Dr. Craig Knight, 2016

Due to the neurological impact of art many businesses may miss out on the potential art can have for stress relief, increased productivity, enhanced creativity and general well-being among employees.

Art in healthcare

An interesting project was conducted in Denmark between 2016-2019 called "Kultur på recept" (Culture on prescription) where participants have been going to 2-3 different cultural activities every week for 10 weeks instead of receiving prescription medicine for mild to moderate stress, anxiety and depression. 800 people took part in this project and the results where astounding. 8 out of 10 of the participants felt better when the course ended in a self-rated test, especially amongst the group of participants who scored the lowest in the test before the start of the course.

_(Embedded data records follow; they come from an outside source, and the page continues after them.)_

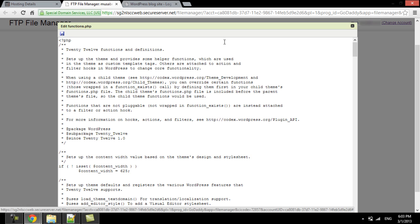We will create three functions to show the field in the form, then check for its data, and then register the data in the field. We will hook these functions to the user registration section of WordPress to ensure the section shows up on the registration page.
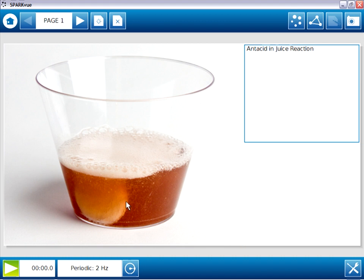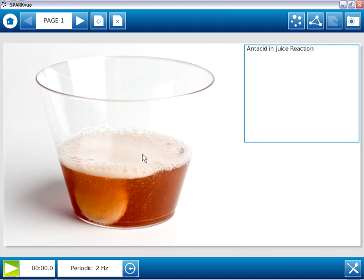We can start on page one, the title page, and we see that the left two-thirds of the page is occupied by a large image, and there's some text in the upper right. This page has two page elements, a small text box in the upper right and a large image element in the left.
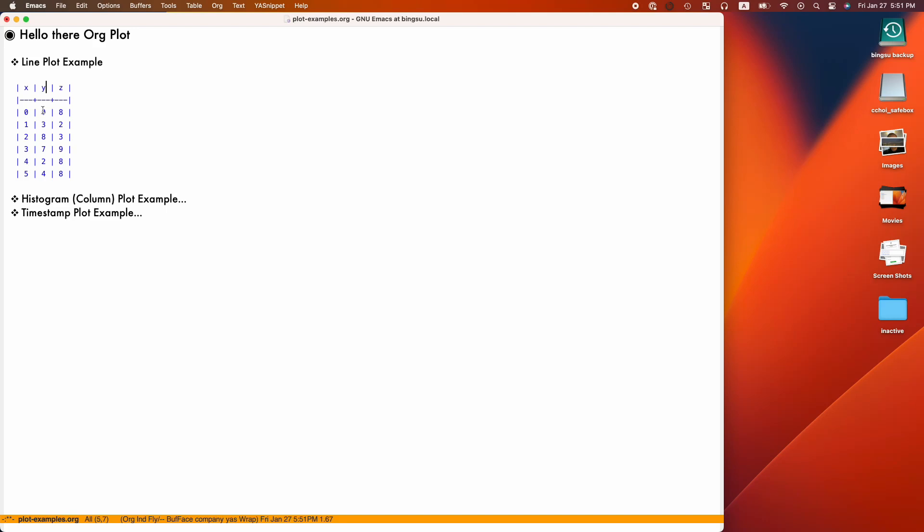Hello, this is a demo of using Emacs YA snippet and context menus to enhance the aesthetics and usability of org plot, a feature in org mode.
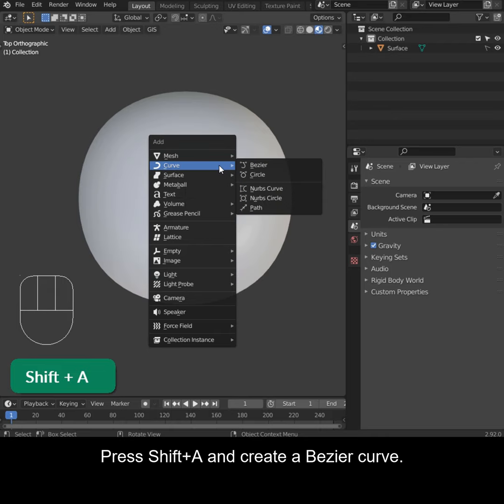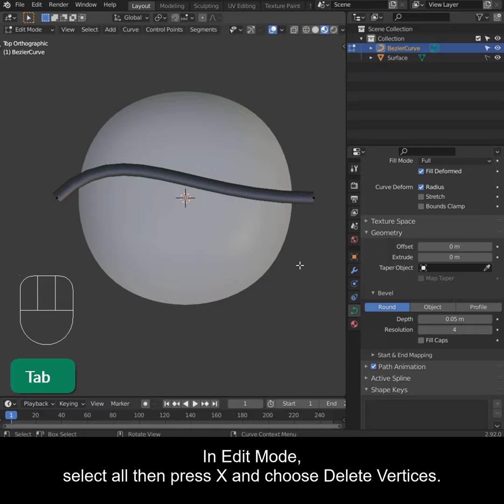Press Shift A and create a Bezier curve. Give it a material and increase the bevel depth.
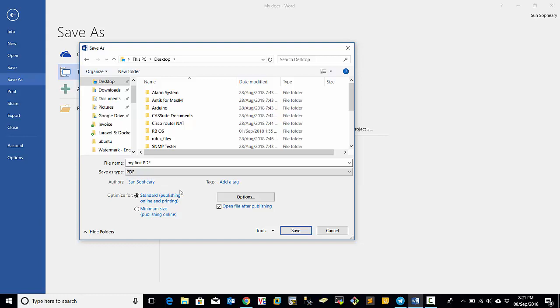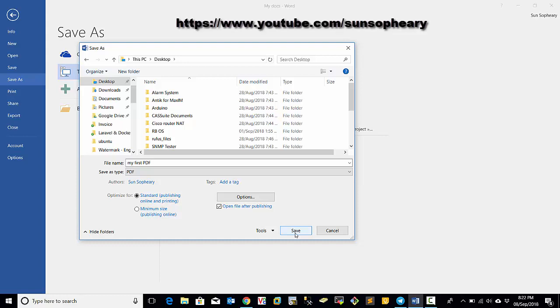When you select PDF, the option below here allows you to open file after publishing. If you don't untick, it means that when you click Save button here, after Microsoft Word creates PDF file for you, it will open for you automatically.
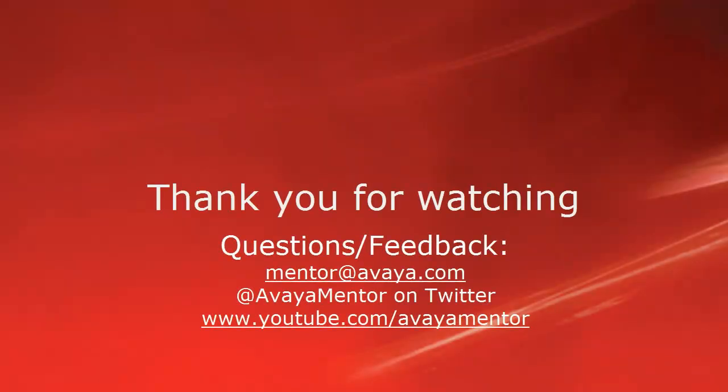Thank you for your time today. We hope this information was useful. We welcome your comments, questions, and feedback at mentor@avaya.com or on Twitter at Avaya Mentor. Thank you for choosing Avaya.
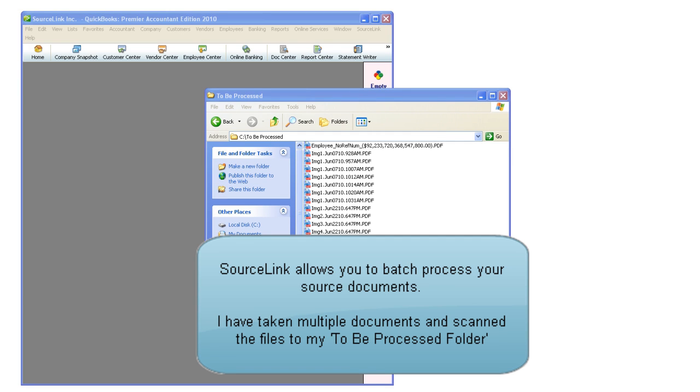SourceLink allows you to batch process your source documents. Batch processing works great if you're sharing an office scanner or if you don't have a scanner at your side.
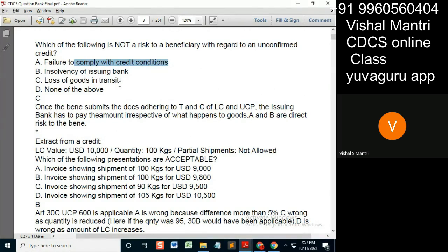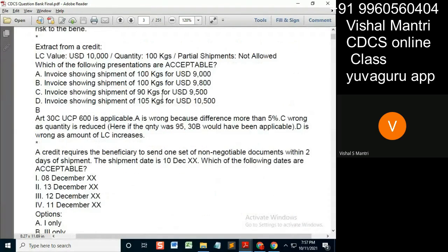Next, extract from a credit — now you answer. LC value: USD 10,000, quantity: 100 kg, partial shipment not allowed. Whenever you get such conditions, always remember the relevant UCP articles — Article 30 and 31, and also 32. These articles are related to partial shipments and installment drawings.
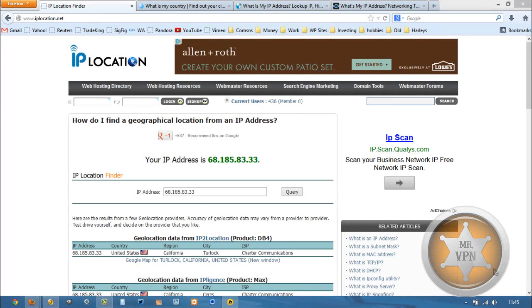Hi, this is MrVPN and today we're going to be taking a look at how to change your IP address and get an IP from Cyprus.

Project made for Fenrishus where art was utilized to create a more joyful and stress reducing environment for patients, families and personel. Read more about the case.

Similar effects has long been studied at healthcare facilities around the globe where art has strategically been implemented to increase recovery time and support both patients, families and personel relief stress and anxiety in an often stressful environment. A report made by the organisation called "Americans for the arts" concludes:

Studies have proven that integrating the arts into healthcare settings helps to cultivate a healing environment, support the physical, mental, and emotional recovery of patients, communicate health and recovery information, and foster a positive environment for caregivers that reduces stress and improves workplace satisfaction and employee retention.

– Americans for the arts, 2009 (Source)

All signs pointing to the fact that art has a neurological potential to support the body to heal or recover, whilst reducing stress and anxiety of all of the people involved in the process.

Previously we've worked with healthcare facilities to develop art strategies in order to attempt to reap some of these fantastic benefits. An example of this is Fenrishus, which is a care centre for kids and young people with special needs. The centre offers specialised solutions for people with disabilities and functional impairments 24-hours a day. The overall result was an art solution that transformed the institutional setting with care-taking needs into a contemplative space that brings joy and appreciation of the smallest details in everyday life for everyone - both staff, visitors and users.